YOUR ASSIGNMENT: Only the tail of the listing is wanted: the line containing "derrière les terrasses" and all after it, repeated exactly, pictures omitted.

EXTRACTED DATA:
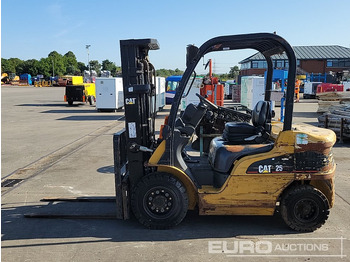 Empilhador Caterpillar GP25N: foto 2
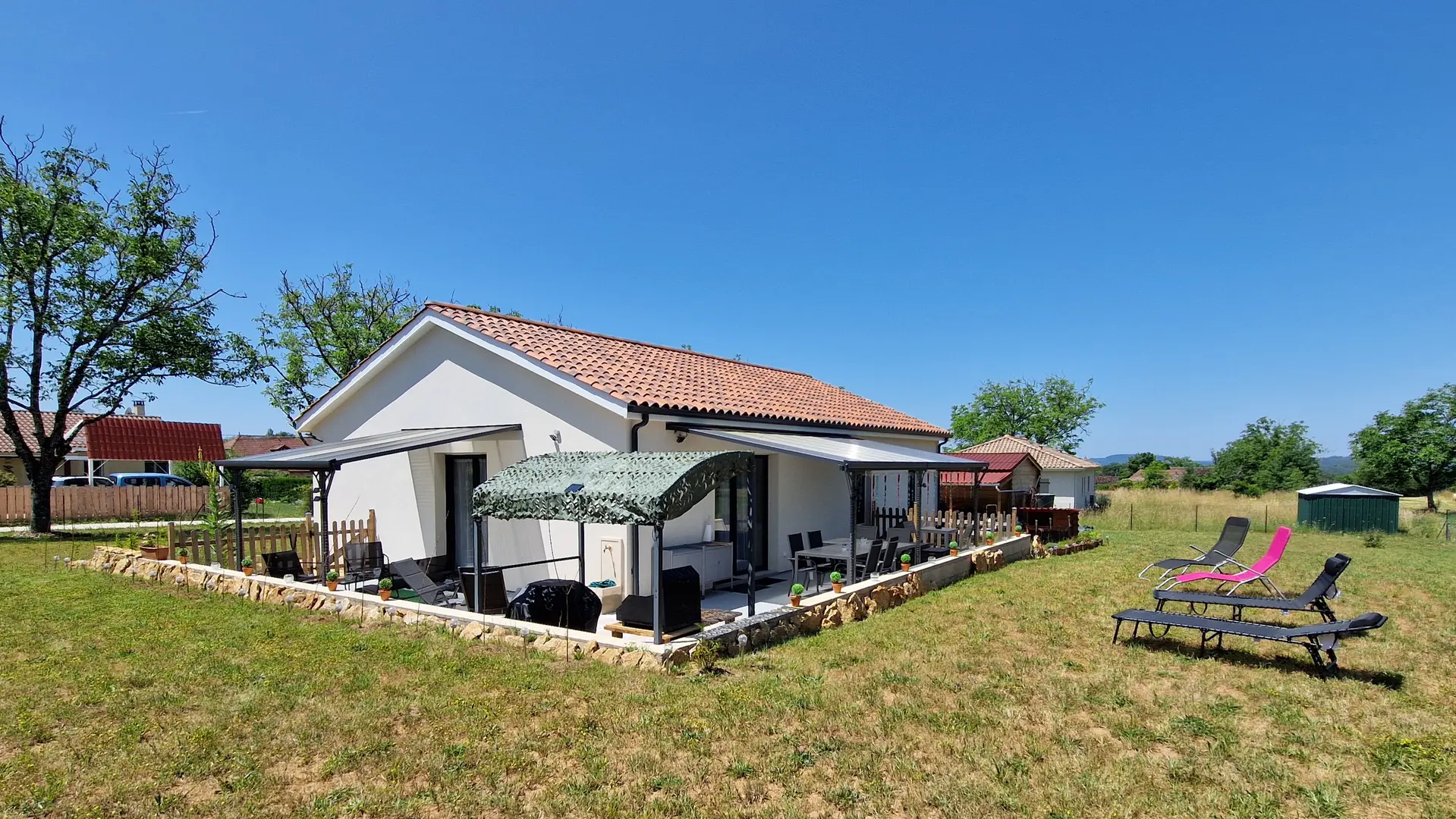 derrière les terrasses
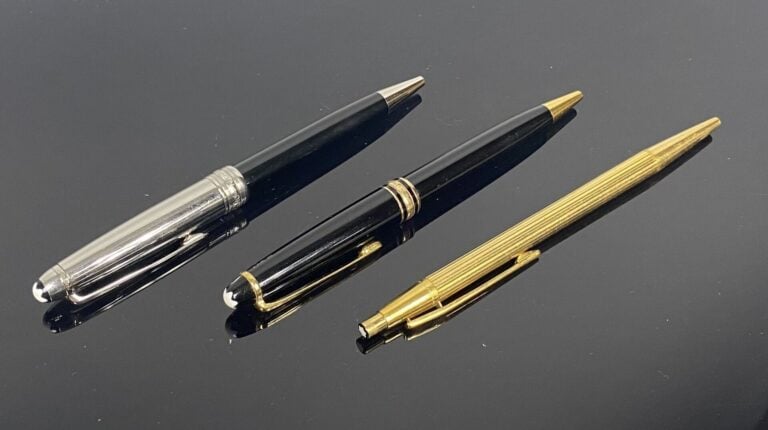 MONTBLANC, Meisterstuck - Ensemble de deux stylos à bille rétractable, le corps…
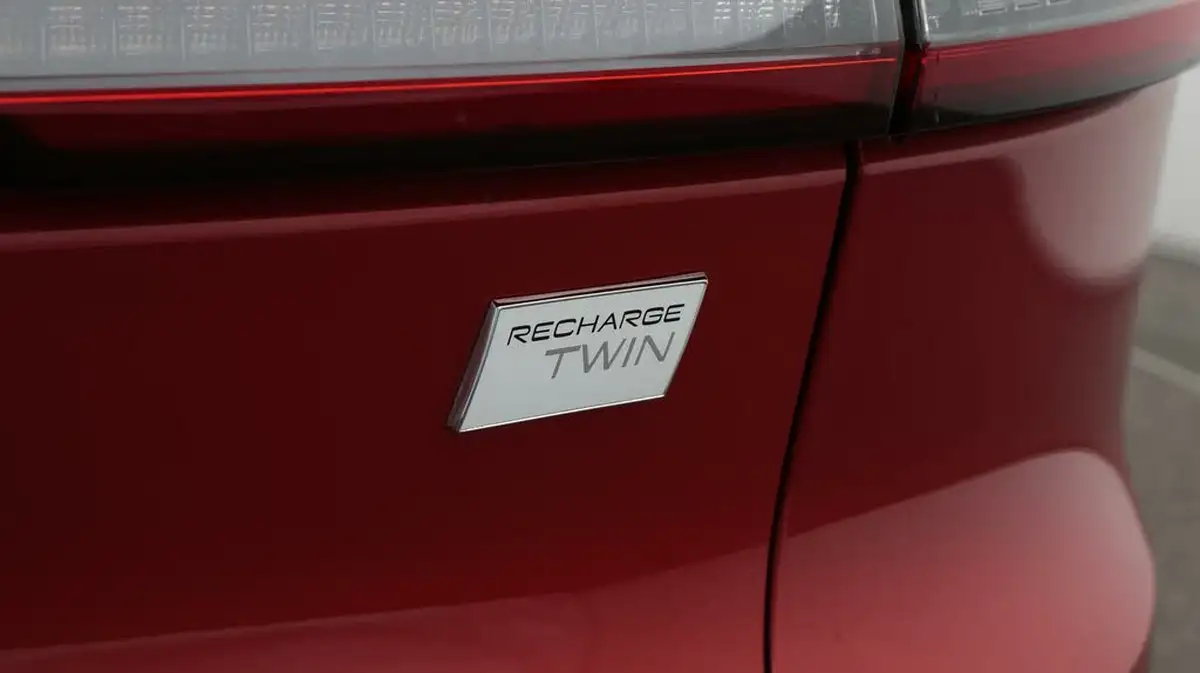 2023-volvo-c40-e-twin-recharge-core-big-22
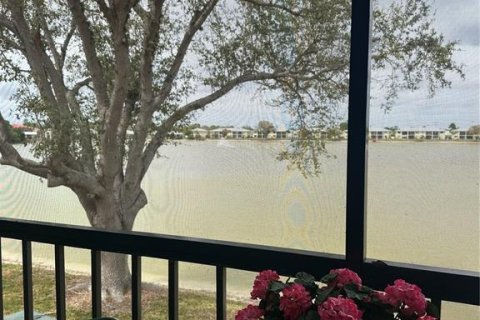 Condo in Punta Gorda, Florida, 2 bedrooms № 2104879 - photo 27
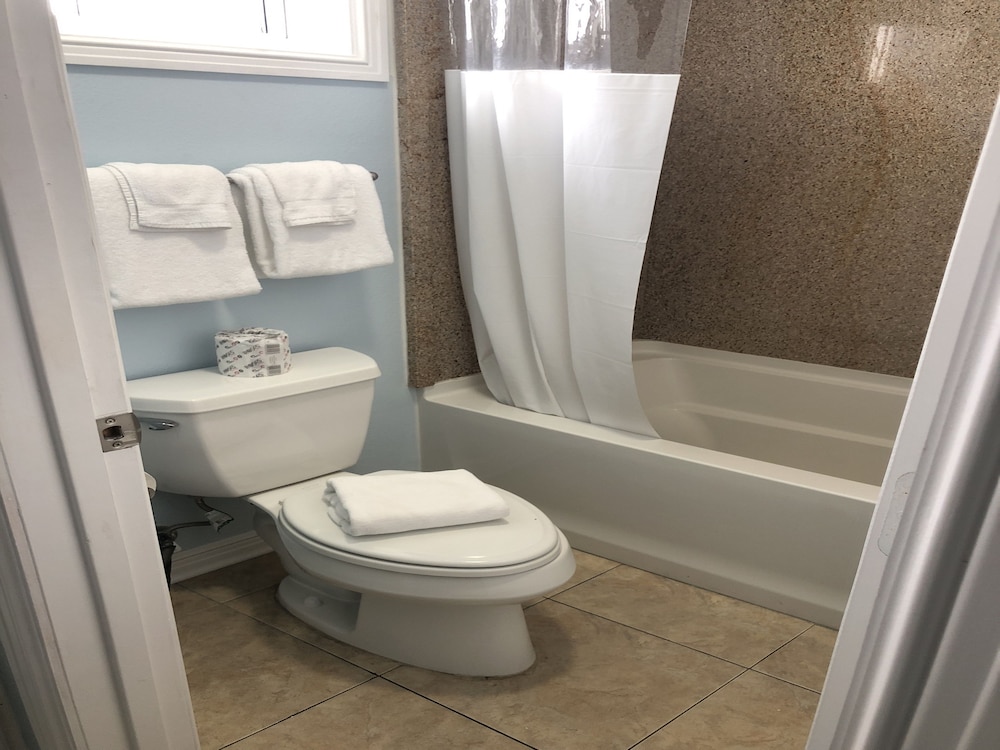 Beachgate CondoSuites & Motel - photo 98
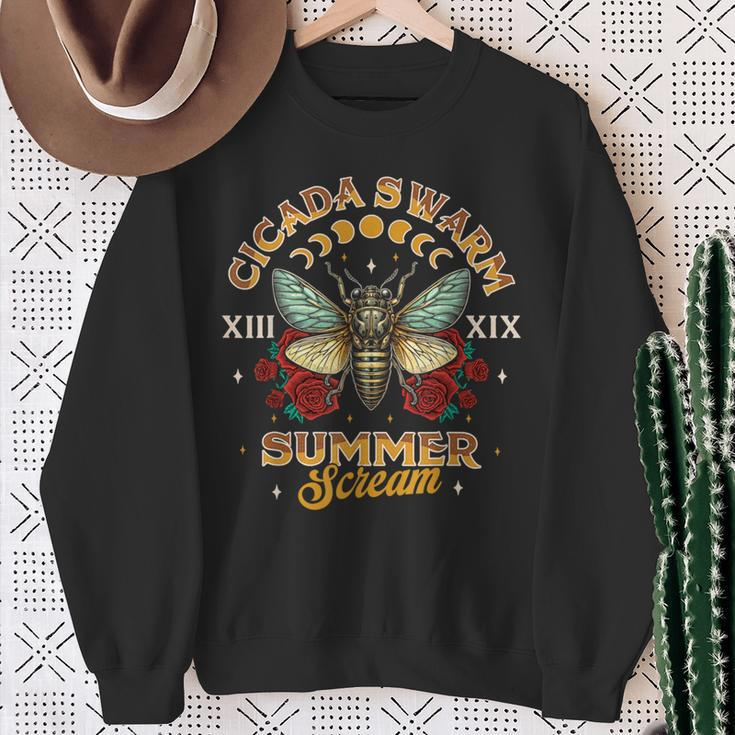 Entomology Cicada Lover 2024 Cicada Swarm Summer Scream Sweatshirt Gifts for Old Women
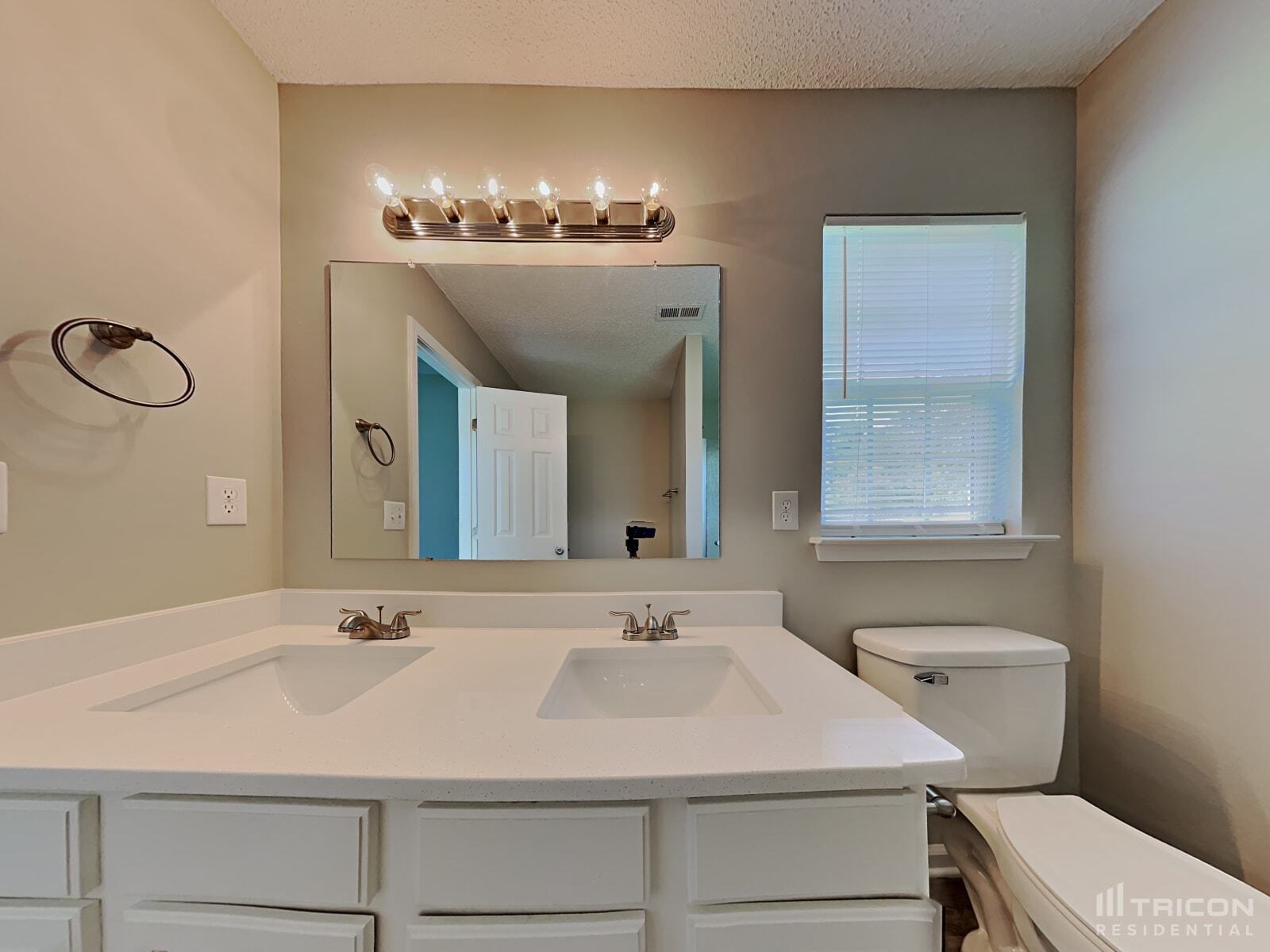 Building Photo - 5243 Moonlight Trail SW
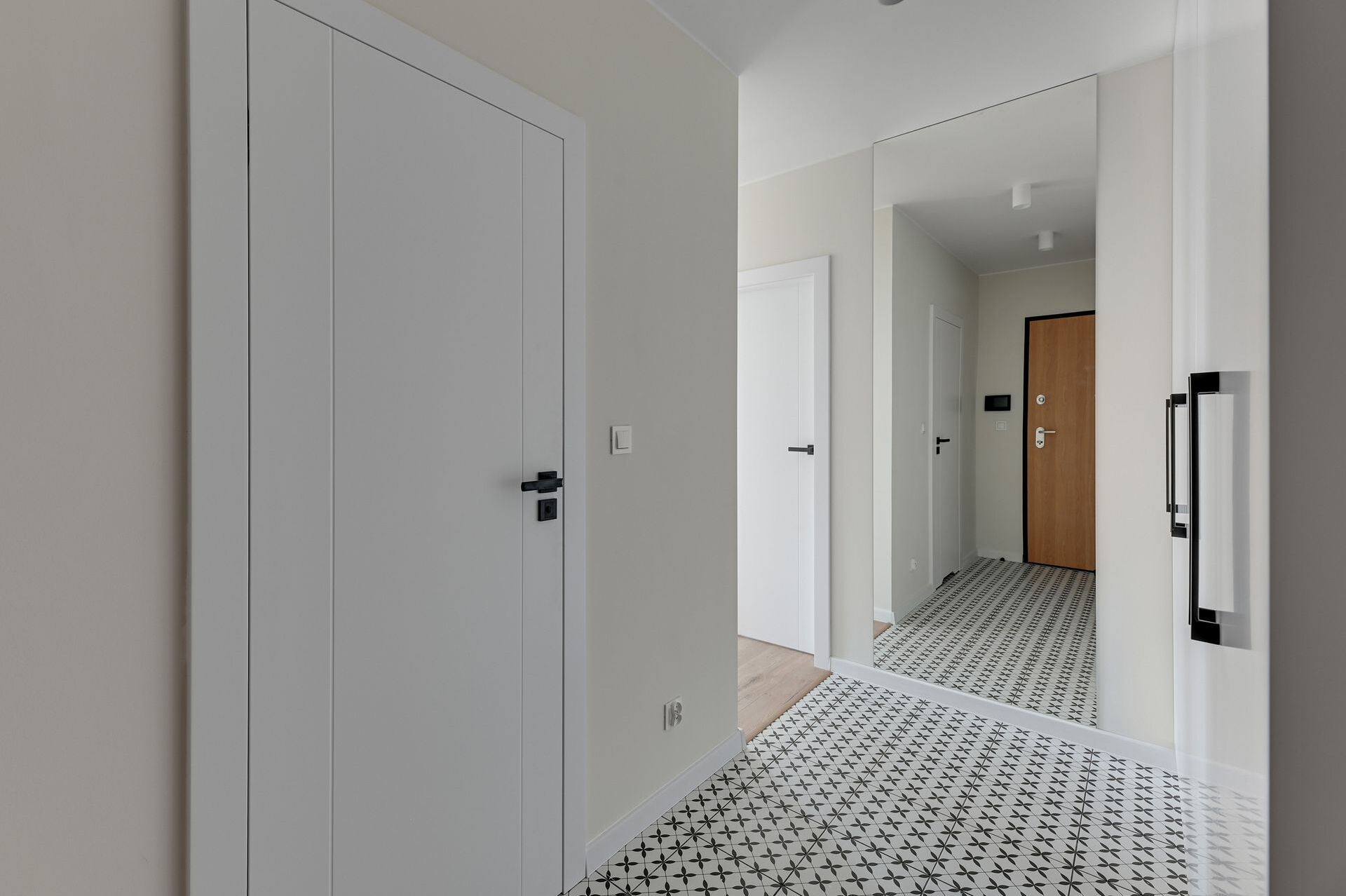 Grand Apartments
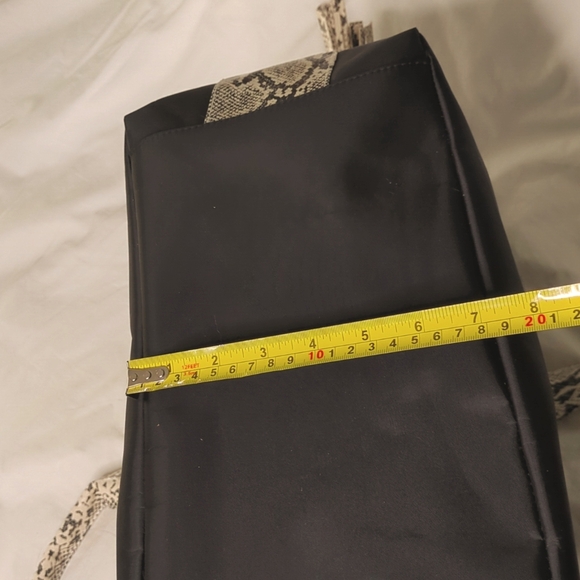 Large Guang Tong handbag with snake print handles and trim. - Picture 9 of 9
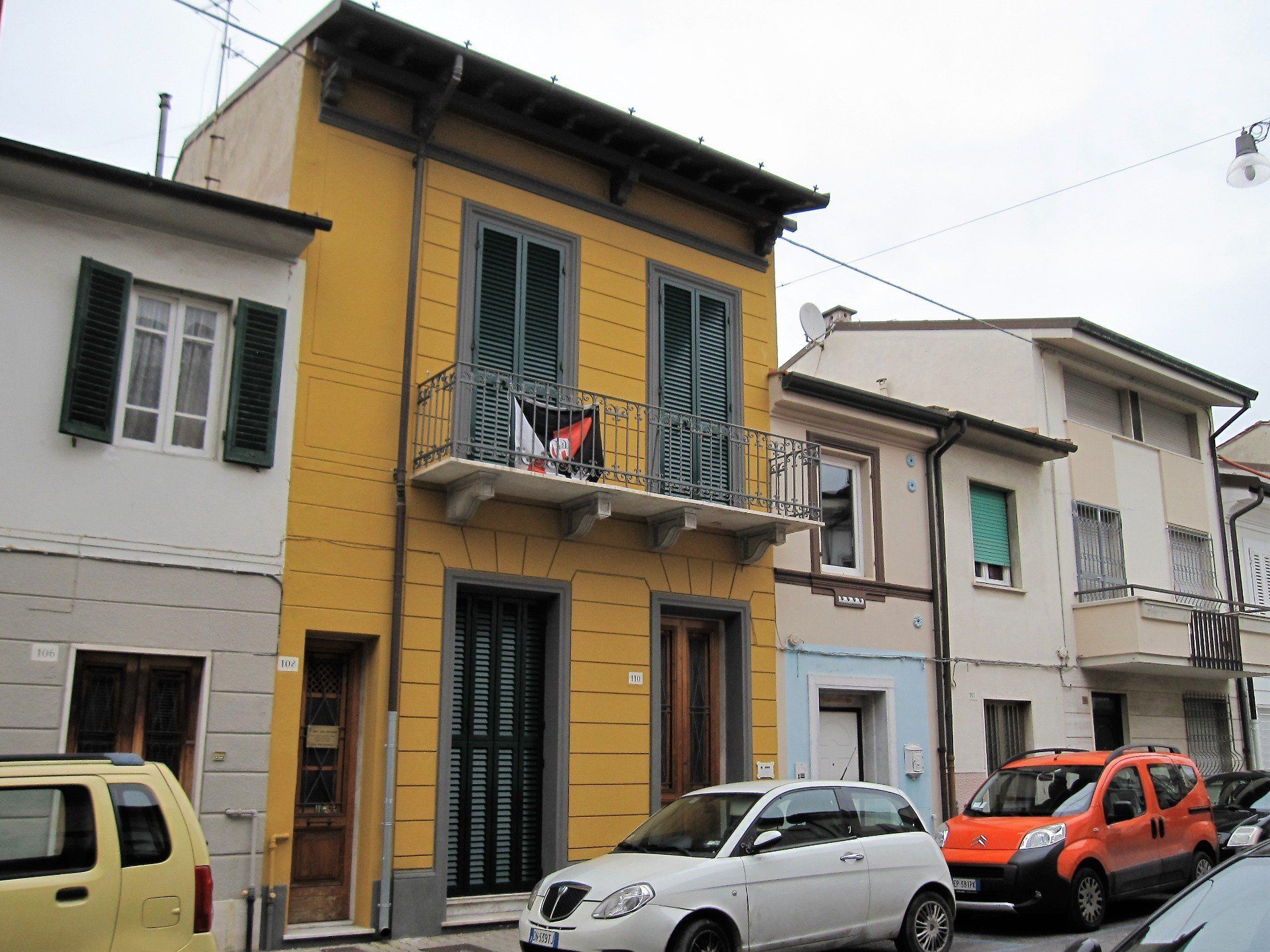 facciata gialla di un palazzo ristrutturata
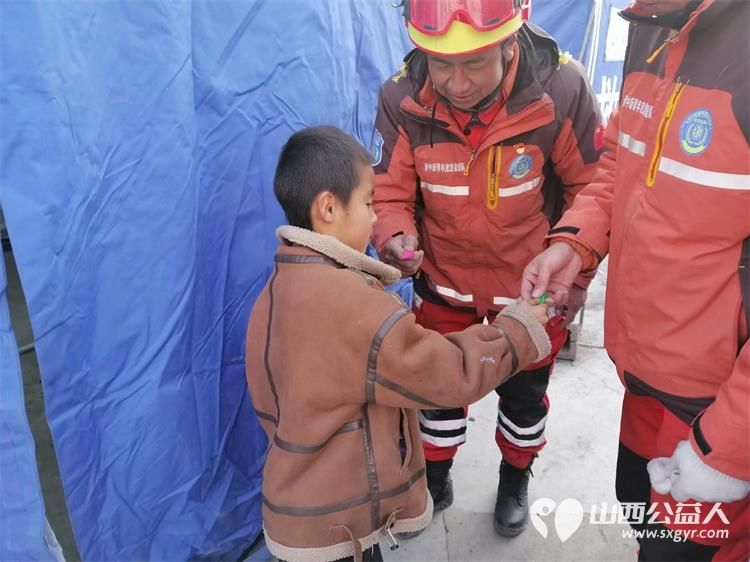 来自甘肃地震灾区一个小朋友的敬礼和爱心糖果 晋中新青年高校应急志愿者感动 - 第3张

RESPONSE:
 derrière les terrasses
 MONTBLANC, Meisterstuck - Ensemble de deux stylos à bille rétractable, le corps…
 2023-volvo-c40-e-twin-recharge-core-big-22
 Condo in Punta Gorda, Florida, 2 bedrooms № 2104879 - photo 27
 Beachgate CondoSuites & Motel - photo 98
 Entomology Cicada Lover 2024 Cicada Swarm Summer Scream Sweatshirt Gifts for Old Women
 Building Photo - 5243 Moonlight Trail SW
 Grand Apartments
 Large Guang Tong handbag with snake print handles and trim. - Picture 9 of 9
 facciata gialla di un palazzo ristrutturata
 来自甘肃地震灾区一个小朋友的敬礼和爱心糖果 晋中新青年高校应急志愿者感动 - 第3张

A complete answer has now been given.